WEST JORDAN — For 45 years the barn-shaped mission church on Redwood Road was the place for West Jordan residents to celebrate baptisms and first communions, joyous weddings and sorrowful funerals, daily Mass and holy feast days. That service came to an end on Oct. 17, when the Rev. Patrick F. Carley held a Decommissioning Mass at St. Joseph the Worker.
The Mass was attended by a standing-room only crowd that included many of the congregation’s founding families.
Ray Cordova, a founding parishioner whose two children were baptized and married in the church, recalls when they held Mass at a nearby warehouse. He helped build the church, pounding nails in the roof and doing other carpentry chores. “I didn’t want to (demolish it) at first,” he said, “but when they said how good the new building would be, I said, ‘go for it.’”
Also among those attending the Oct. 17 Mass was Msgr. Matthew Wixted, the associate pastor when St. Joseph was being built. “There weren’t many people, but they were very committed,” he said. “They all worked together – that’s my memory of it.”
In his sermon during the Decommissioning Mass, Fr. Carley said, “It’s a painful thing to take down the church that was built by these folks and all their families, many now gone to God.”
They gave the parish a great legacy, he said, but “We’ve set our hearts on building a new church” and the old building must go to make room for the new one.

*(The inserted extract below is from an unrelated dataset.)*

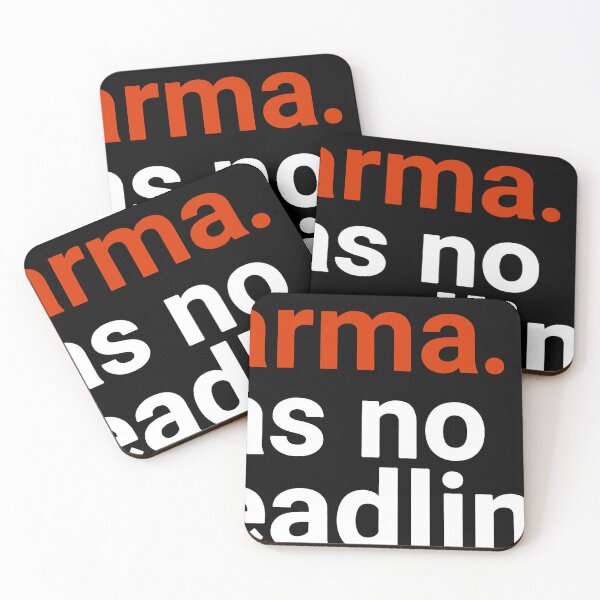 Item preview, karma has no deadline sticker t shirt designed and sold by CHNMDE BG.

The parish’s growth from about 150 families to more than 1,000 is a primary reason for the new church, said Anne Kurek, St. Joseph’s secretary and historian, although the building’s deteriorating condition also was a consideration. “It was really never built to last. It was built as a mission church; it was built by volunteer labor, and it’s falling apart. Sometimes we come into the building and we find parts of the ceiling on the floor. We had an electric fire not too long ago. We’ve got a tiny little bathroom. It’s not very functional.”
The existing building is expected to be demolished by early December, with construction on the new church starting around the first of the year. Mass will be held in the parish’s hall until construction is complete, probably around next Christmas.